SUPPLIED ENTRIES:
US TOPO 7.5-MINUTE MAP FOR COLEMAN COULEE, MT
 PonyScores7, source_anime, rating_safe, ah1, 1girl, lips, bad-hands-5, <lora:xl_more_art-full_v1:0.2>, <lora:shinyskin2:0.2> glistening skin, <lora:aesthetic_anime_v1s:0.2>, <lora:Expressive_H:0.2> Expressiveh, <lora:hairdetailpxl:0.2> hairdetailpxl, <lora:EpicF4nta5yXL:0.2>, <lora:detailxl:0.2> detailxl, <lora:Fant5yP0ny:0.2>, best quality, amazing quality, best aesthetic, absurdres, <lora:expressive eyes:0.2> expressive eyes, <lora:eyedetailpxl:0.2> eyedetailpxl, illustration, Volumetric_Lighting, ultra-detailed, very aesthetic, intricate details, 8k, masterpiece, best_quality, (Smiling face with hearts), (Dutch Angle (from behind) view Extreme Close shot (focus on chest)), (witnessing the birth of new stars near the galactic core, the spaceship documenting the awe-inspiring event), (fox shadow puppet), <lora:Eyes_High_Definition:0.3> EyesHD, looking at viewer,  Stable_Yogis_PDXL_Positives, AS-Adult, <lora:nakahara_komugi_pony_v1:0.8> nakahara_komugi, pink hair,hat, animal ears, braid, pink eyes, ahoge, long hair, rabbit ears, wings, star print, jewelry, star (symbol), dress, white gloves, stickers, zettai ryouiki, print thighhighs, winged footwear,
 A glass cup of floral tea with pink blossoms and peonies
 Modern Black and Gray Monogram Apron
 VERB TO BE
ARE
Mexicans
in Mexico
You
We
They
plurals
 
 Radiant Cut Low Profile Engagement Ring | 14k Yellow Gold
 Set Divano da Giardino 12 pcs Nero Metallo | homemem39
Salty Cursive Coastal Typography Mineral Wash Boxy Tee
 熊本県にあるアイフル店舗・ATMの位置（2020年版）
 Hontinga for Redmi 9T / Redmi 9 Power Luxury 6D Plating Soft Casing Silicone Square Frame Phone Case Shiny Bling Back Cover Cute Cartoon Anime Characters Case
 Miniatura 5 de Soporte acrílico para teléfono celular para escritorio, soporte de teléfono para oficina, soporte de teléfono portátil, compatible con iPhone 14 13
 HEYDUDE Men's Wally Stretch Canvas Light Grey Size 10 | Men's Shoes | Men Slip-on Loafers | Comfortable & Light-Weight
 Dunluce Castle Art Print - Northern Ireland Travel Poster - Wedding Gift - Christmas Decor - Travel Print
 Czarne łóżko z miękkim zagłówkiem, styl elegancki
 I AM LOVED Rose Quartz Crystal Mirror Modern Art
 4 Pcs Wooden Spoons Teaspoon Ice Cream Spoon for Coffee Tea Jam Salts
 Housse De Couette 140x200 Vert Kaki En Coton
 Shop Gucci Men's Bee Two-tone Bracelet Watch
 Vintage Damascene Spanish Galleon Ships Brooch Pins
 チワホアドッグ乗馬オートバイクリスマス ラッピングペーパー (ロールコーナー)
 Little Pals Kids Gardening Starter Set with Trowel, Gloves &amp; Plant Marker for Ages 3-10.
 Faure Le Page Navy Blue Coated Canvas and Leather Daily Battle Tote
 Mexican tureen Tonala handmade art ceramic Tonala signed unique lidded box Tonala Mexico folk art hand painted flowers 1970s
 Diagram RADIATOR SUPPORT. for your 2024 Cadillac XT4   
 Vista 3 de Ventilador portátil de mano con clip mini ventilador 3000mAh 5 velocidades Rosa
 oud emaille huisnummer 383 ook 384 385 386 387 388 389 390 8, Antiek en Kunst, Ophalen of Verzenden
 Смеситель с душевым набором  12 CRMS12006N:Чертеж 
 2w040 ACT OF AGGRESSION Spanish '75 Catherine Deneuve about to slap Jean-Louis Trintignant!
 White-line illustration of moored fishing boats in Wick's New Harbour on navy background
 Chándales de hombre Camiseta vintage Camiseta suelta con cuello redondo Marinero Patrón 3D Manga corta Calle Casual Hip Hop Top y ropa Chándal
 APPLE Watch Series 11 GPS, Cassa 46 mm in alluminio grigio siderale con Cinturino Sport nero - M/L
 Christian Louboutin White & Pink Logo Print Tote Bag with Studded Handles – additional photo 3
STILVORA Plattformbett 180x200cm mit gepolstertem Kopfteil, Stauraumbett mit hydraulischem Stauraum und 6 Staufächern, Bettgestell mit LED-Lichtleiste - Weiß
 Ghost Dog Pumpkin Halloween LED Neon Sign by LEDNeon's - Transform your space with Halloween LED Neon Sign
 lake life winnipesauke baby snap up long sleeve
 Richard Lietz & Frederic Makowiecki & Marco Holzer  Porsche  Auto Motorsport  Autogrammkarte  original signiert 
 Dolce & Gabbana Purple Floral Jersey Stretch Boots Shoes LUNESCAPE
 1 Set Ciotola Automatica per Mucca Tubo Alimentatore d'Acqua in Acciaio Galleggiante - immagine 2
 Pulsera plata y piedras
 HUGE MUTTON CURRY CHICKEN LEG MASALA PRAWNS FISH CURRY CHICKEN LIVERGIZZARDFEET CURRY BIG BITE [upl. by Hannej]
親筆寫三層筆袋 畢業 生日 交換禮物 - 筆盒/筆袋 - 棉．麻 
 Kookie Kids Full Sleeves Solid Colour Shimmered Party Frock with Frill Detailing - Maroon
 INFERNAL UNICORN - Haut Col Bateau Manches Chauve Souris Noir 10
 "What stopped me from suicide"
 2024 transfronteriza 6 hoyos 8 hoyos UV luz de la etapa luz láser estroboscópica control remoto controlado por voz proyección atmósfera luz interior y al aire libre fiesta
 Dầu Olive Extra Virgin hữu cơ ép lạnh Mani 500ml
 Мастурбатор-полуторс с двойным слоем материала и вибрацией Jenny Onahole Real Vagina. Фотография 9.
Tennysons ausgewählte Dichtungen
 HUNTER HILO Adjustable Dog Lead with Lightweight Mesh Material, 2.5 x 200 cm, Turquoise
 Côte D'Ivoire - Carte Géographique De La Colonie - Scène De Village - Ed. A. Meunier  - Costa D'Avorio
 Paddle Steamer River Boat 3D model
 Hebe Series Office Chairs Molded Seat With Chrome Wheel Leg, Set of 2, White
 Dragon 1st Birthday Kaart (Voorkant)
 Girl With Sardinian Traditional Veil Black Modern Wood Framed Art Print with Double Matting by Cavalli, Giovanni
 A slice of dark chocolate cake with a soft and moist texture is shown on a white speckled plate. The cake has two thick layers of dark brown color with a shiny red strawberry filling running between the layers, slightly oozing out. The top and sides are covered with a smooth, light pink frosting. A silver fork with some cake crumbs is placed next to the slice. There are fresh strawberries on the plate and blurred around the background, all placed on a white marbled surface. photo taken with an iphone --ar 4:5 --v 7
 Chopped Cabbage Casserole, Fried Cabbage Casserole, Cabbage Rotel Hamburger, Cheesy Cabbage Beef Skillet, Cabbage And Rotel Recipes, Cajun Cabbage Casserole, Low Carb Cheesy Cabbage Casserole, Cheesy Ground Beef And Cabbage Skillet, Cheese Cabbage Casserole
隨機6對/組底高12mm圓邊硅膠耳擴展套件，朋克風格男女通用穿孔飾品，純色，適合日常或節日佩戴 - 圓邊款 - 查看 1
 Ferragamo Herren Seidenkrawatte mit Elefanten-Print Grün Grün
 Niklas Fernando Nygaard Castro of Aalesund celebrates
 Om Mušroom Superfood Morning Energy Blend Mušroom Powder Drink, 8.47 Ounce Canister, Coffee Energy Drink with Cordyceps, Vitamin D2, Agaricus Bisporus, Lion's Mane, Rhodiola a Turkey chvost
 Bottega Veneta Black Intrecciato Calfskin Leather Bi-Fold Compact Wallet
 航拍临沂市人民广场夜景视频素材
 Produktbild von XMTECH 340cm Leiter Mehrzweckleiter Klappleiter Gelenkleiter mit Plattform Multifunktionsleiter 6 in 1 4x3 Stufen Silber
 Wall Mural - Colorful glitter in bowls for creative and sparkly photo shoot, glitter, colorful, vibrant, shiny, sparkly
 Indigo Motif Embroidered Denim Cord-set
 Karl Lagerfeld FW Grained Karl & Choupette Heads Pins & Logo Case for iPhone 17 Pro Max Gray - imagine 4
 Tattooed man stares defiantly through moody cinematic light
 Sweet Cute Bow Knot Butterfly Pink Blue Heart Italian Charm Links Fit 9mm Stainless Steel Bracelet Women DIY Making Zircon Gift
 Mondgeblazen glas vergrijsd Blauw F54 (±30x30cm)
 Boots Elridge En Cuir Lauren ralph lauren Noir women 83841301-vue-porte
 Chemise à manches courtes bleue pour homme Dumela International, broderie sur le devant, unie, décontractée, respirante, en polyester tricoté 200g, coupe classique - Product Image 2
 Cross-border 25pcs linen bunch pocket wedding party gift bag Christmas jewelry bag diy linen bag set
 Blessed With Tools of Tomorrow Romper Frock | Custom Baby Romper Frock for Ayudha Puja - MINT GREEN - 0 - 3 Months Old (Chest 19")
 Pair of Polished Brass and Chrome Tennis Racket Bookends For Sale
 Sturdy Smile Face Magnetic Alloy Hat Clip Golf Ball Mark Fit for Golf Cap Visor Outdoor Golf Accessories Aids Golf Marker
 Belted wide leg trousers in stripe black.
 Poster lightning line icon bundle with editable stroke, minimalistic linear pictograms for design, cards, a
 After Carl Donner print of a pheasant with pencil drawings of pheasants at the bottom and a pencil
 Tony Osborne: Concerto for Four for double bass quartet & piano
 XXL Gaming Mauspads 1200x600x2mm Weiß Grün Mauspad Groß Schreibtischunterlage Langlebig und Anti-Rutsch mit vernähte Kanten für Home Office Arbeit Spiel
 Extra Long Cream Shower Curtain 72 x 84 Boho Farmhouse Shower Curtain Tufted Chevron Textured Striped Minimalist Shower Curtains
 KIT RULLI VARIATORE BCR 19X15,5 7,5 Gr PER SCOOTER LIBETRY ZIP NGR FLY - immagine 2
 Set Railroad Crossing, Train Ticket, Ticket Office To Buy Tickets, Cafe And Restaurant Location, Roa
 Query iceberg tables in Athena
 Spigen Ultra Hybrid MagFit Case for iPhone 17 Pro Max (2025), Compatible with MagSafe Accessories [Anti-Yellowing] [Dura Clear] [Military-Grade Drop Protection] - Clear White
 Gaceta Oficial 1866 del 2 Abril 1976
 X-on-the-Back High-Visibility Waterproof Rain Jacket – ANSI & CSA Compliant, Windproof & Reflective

TO DO:
Go through the listing, and whenever a line contains the string "Office", copy that line.

FINISHED EXERCISE:
 Hebe Series Office Chairs Molded Seat With Chrome Wheel Leg, Set of 2, White
 XXL Gaming Mauspads 1200x600x2mm Weiß Grün Mauspad Groß Schreibtischunterlage Langlebig und Anti-Rutsch mit vernähte Kanten für Home Office Arbeit Spiel
 Set Railroad Crossing, Train Ticket, Ticket Office To Buy Tickets, Cafe And Restaurant Location, Roa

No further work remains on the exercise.